Talat Paşa'nın şehit edilmesi
Bir gazeteci gelecekti karısıyla, öğlen. Yemeğe geleceklerdi. (Berlin) Saat 11'de gene Türklerden çok sevdiğimiz Refik bey, o geldi. O iyi Almanca konuşurdu. Beraberken ‘Hiç gitmek istemiyorum' dedi. Allah'ım ya Rabb'im. ‘Senden ayrılmak katiyyen arzu etmiyorum' dedi. Paşa çocuk musun dedim, ille de eteğime mi yapışacaksın dedim. Ne bileyim sen yanımdayken bir kuvvet hissediyorum dedi sokak kapısında. ‘Şuraya bir kravat alıp geleceğim' dedi. Ben çıkamam evde iki tane adam var bakmak lazım.
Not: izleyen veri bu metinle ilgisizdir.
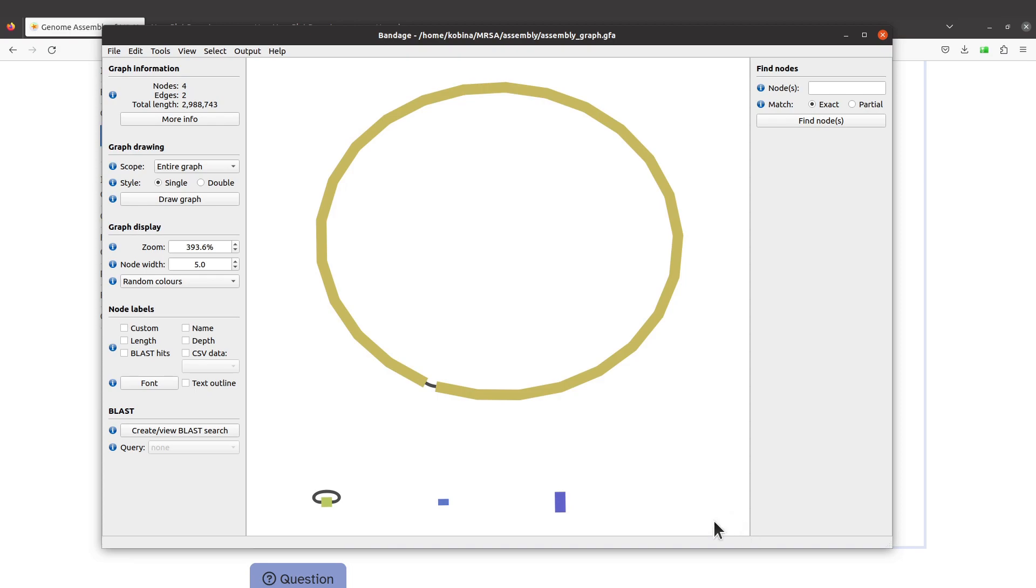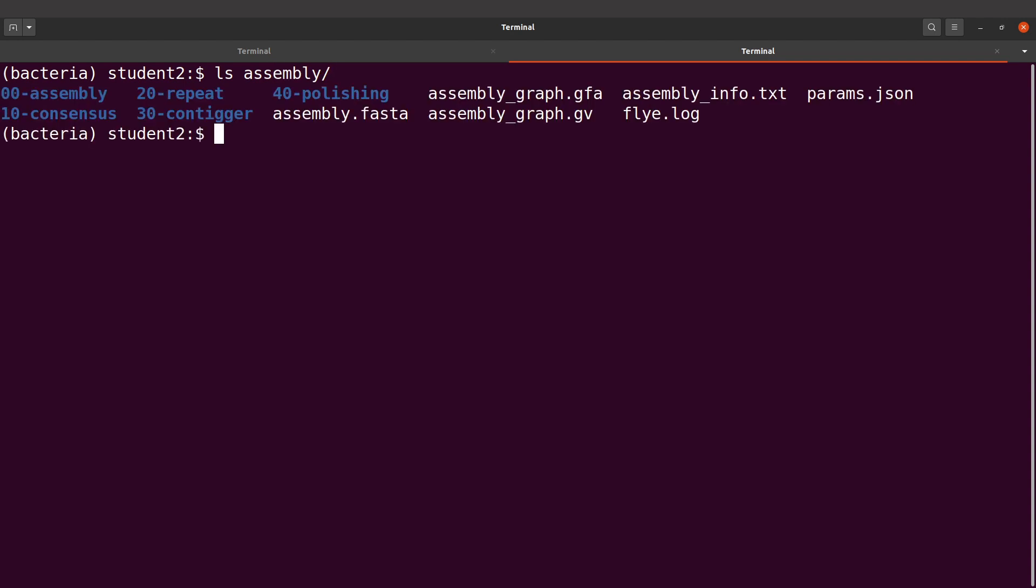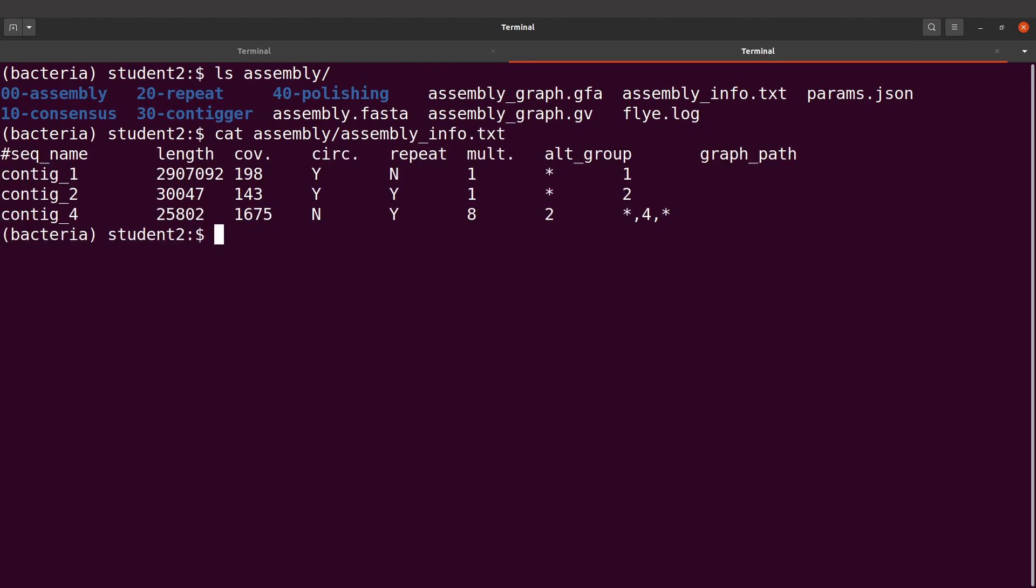Let's proceed. Remember when we displayed assemblyinfo.txt, we had some information coming up. Let's do that again. I'll say cat assembly/assembly_info.txt. We have the length, we also have coverage, we also have the contigs here.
Refik Bey geldi ve beraber çıktılar. Köşe başına kadar gittiler, balkondan baksaydım görecektim. Köşeden dönerken orada meydan vardı. Orada o adam (Tehliryan) arkasından geldi. Ensesinden Adam söyledi zaten iki defa teşebbüs ettim, o kadar tesir altından kalıyordum ki bana baktığı zaman cesaret edip silahımı alamıyordum dedi. Paşa baston kullanırdı. Fena halde hırpalamış katili. Polisler kurtardı.